D’autre part, aux termes de l’article R. 431-15-1 du même code : « Le dépôt d’une demande présentée au moyen du téléservice mentionné à l’article R. 431-2 donne lieu à la délivrance immédiate d’une attestation dématérialisée de dépôt en ligne. Ce document ne justifie pas de la régularité du séjour de son titulaire. / Lorsque l’instruction d’une demande complète et déposée dans le respect des délais mentionnés à l’article R. 431-5 se poursuit au-delà de la date de validité du document de séjour détenu, le préfet est tenu de mettre à la disposition du demandeur via le téléservice mentionné au premier alinéa une attestation de prolongation de l’instruction de sa demande dont la durée de validité ne peut être supérieure à trois mois. Ce document, accompagné du document de séjour expiré, lui permet de justifier de la régularité de son séjour pendant la durée qu’il précise. Lorsque l’instruction se prolonge, en raison de circonstances particulières, au-delà de la date d’expiration de l’attestation, celle-ci est renouvelée aussi longtemps que le préfet n’a pas statué sur la demande (…) ». Et aux termes de l’article R. 431-15-2 du même code : « L’attestation de prolongation de l’instruction d’une demande de première délivrance d’une carte de séjour prévue aux articles L. 421-22, L. 421-23, L. 421-26 à L. 421-29, L. 422-14, L. 423-1, (…) autorise son titulaire à exercer une activité professionnelle sur le territoire de la France métropolitaine dans le cadre de la réglementation en vigueur ».

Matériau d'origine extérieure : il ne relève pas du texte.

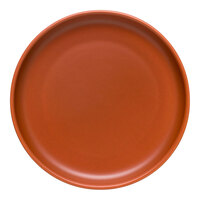 Libbey Driftstone 7 3/4" Clay Satin Matte Porcelain Flat Coupe Plate - 12/Case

En l’espèce, le préfet de la Haute-Saône soutient sans être contredit que le dossier de demande de titre de séjour de M. B… n’était pas complet faute pour ce dernier de justifier de son entrée régulière sur le territoire français en application de l’article L. 412-1 du code de l’entrée et du séjour des étrangers et du droit d’asile. Dès lors, faute pour M. B… de justifier du caractère complet de sa demande de titre de séjour, il ne peut être regardé comme justifiant de l’utilité de la mesure sollicitée. En outre, M. B… n’apporte aucun élément de nature à démontrer que la promesse d’embauche produite est effectivement de nature à lui permettre d’occuper un emploi de vendeur automobile, alors que le préfet soutient sans être contredit que l’auteur de cette promesse ne peut exercer une activité de vente de véhicules. Ainsi, il ne justifie pas davantage de l’urgence des mesures qu’il sollicite.
Il résulte de ce qui précède que la requête de M. B… doit être rejetée en toutes ses conclusions.
O R D O N N E :
Article 1er : M. B… est admis à titre provisoire au bénéfice de l’aide juridictionnelle.
Article 2 : Le surplus de la requête de M. B… est rejeté.
Article 3 : La présente ordonnance sera notifiée à M. A… B… et au préfet de la Haute-Saône.
Fait à Besançon, le 12 mai 2026.
Le président,
juge des référés,
O. Di Candia
La République mande et ordonne au préfet de la Haute-Saône en ce qui le concerne ou à tous commissaires de justice à ce requis en ce qui concerne les voies de droit commun contre les parties privées, de pourvoir à l’exécution de la présente décision.